Milk-fed heavy calves utilize dietary protein with a low efficiency and often develop hyperglycemia and insulin resistance. Distributing the daily nutrient intake over an increasing number of meals increases protein deposition and improves glucose homeostasis. Therefore, we examined effects of feeding frequency (FF) and feeding level (FL) on the diurnal pattern of substrate oxidation and on the fate of dietary carbohydrates in milk-fed heavy calves. Eighteen milk-fed calves weighing 136 +/- 3 kg were assigned to FF (1, 2, or 4 meals daily) at each of 2 FL (1.5 or 2.5 times maintenance), except for calves at FF1 (only at a low FL). Urea, leucine, and glucose kinetics were assessed for each treatment by use of [(13)C]urea, [1-(13)C]leucine, [U-(13)C], and [2-(13)C]glucose, respectively. FF altered the diurnal pattern, but not the total, of urea production production. Although urea production correlated well with nitrogen retention, oxidation of oral l-[1-(13)C]leucine did not. Dietary glucose was almost completely oxidized (80% based on [(13)C]glucose and 94% from indirect calorimetry measurements) regardless of FL. Fatty acid synthesis from glucose appeared to be negligible based on similar recoveries of (13)CO(2) from orally supplied [U-(13)C]glucose and [2-(13)C]glucose. The increased fat deposition at the higher FL originated almost exclusively from greater transfer of fatty acids to body lipid stores. These findings contrast with both glucose and lipid metabolism in growing pigs and indicate that alternative adaptive mechanisms operate in heavy milk-fed calves.

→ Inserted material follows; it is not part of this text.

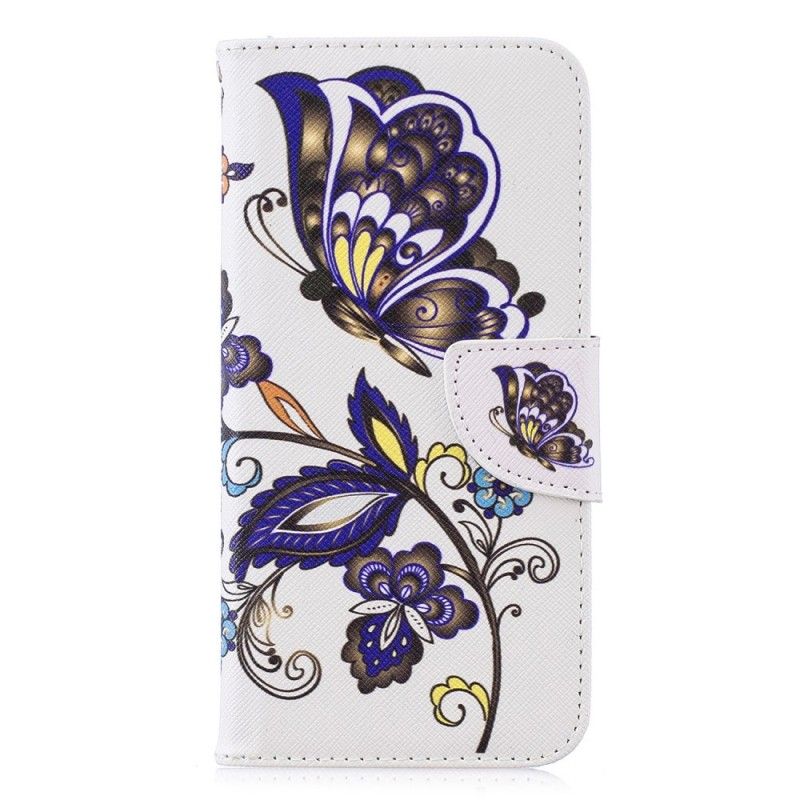 Leren Hoesje Honor 10 Lite Telefoonhoesje Vlindertattoo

Synchronizing the availability of amino acids and glucose decreases fat retention in heavy preruminant calves

Effects of synchronizing the availability of amino acids and glucose within a day on protein and energy metabolism were studied in heavy preruminant calves. Thirty-six preruminant calves (148 +/- 1.6 kg body weight) were assigned to 1 of 6 degrees of nutrient synchrony (SYN, 1-6) and to 1 of 2 meal sequences (i.e., the high-protein meal in the morning or in the evening). Calves at SYN 1 received 2 balanced meals: one at 0600 and one at 1800. Nutrient synchrony decreased stepwise from SYN 1 to SYN 6 in which calves received 85% of the daily protein supply in 1 meal. The digestible energy intakes at 0600 and 1800 were equal between treatments. Daily intakes of all nutrients and dietary ingredients were identical for all treatments. Calves were housed individually in respiration chambers. Apparent fecal nutrient digestibility and nitrogen and energy balances were measured. Apparent nutrient digestibility decreased when >71% of the dietary protein was fed in one meal. Nutrient synchrony did not affect the efficiency of digestible protein utilization in calves at a identical digestible nutrient intake. Heat production decreased from 691 to 629 kJ/(kg(0.75) x d) (P < 0.05) and energy retained as fat increased from 116 to 184 kJ/(kg(0.75) x d) (P < 0.01) with decreasing nutrient synchrony. Meal sequence did not affect any of the traits. In conclusion, synchronizing the availability of amino acids and glucose within a day did not increase the efficiency of protein utilization but substantially decreased fat retention in heavy preruminant calves.